My dear mother had 13 grandchildren and I have four little darlings, although the two eldest, Samuel, 11 and Angus, 9, are known to have a feisty relationship at times.
Tomorrow Angus begins his AFL footy season for under nines and I know he will be a champion one day.  I am trying to convince him that Port Power should be his team of choice, but he is a faithful Bulldogs supporter.  Samuel is a genius at the computer and is my personal internet advisor.

Speaking of Angus, I grin remembering when I visited them in London on the occasion of Angus’s fifth birthday and he introduced me thus: “This is my grandma from Australia. I love her, but she can be tough sometimes.’’  Out of the mouths of babes!

When  my latest grandchild, Scarlett arrived I was given a delightful booklet Grandparents and Grandchildren subtitled , The delights of being a grandparent by Camille Liscinsky.

Every page holds a gem of wisdom on why being “older’’ is such a blessing – as long as your only son does not call you “elderly’’ as mine loves to do.

One of the many amazing things about grandparenting when you begin to collect multiple grand-children is to witness how they are so different, yet have the same parents.    So, it comes naturally to treat them differently, to note their idiosyncrasies, their capacity for humour,  and what reactions become familiar.  Or as one statement in Camille’s book so aptly states:

Dark-haired, dark-eyed grandson Angus Richards

“I think of our four young grandchildren as embryonic personalities emerging from tiny newborn strangers.’’

And then, if you are are blessed as I am, one little angel arrives who looks remarkably familiar – and to quote Thomas Hardy, who once said : “I am the family face’’. Scarlett, unlike her older cousin, Josephine,  bears the strong visual traits of the women in our family.

Another of Camille’s contributors offers:  “My granddaughter is so amazingly like me: I actually see myself as a child when I look at her.
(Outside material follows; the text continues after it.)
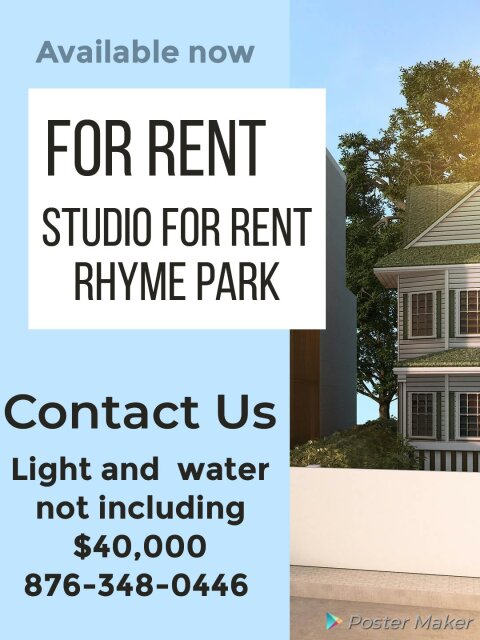 Peaceful Living in a 1 Bedroom Community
There I am, before my eyes, reincarnated.’’

Scarlett, like her great, great grandmother, has the deepest dark brown eyes like her father,  Serena and me and the three generations before me.

My mother had these blackish velvet eyes and when my father was wooing her he wrote “My darling, your eyes are like limpid pools of velvet darkness’’.  How could she resist such poetry?

 

Josephine creates a floral centrepiece

And just in case you think this is a flight of fancy, grand-daughter number one – six-year-old Josephine whose blonde hair is like spun gold– tells me, her blue eyes sparkling like the sky:  “Well actually, grandma, Scarlett looks exactly like you .’’

Family likenesses give such joy and when they bear little resemblance, they hold our fascination for their difference. Josephine is enchanting for the simple reason that she is unlike any of my maternal forebears or me.

One grandparent captures this kind of pleasure:  “When I look at my grandson, I see my father’s same sparkling eyes, dotted with a brown fleck.’’

When a grandchild is born we have the wonderful chance of welcoming a new generation to love – and that is such bounty for living 50 or 60 or more years.

Because grandchildren are the link to our family’s past and a bridge to our family’s future.  And if you are like me you are having the time of your life with them.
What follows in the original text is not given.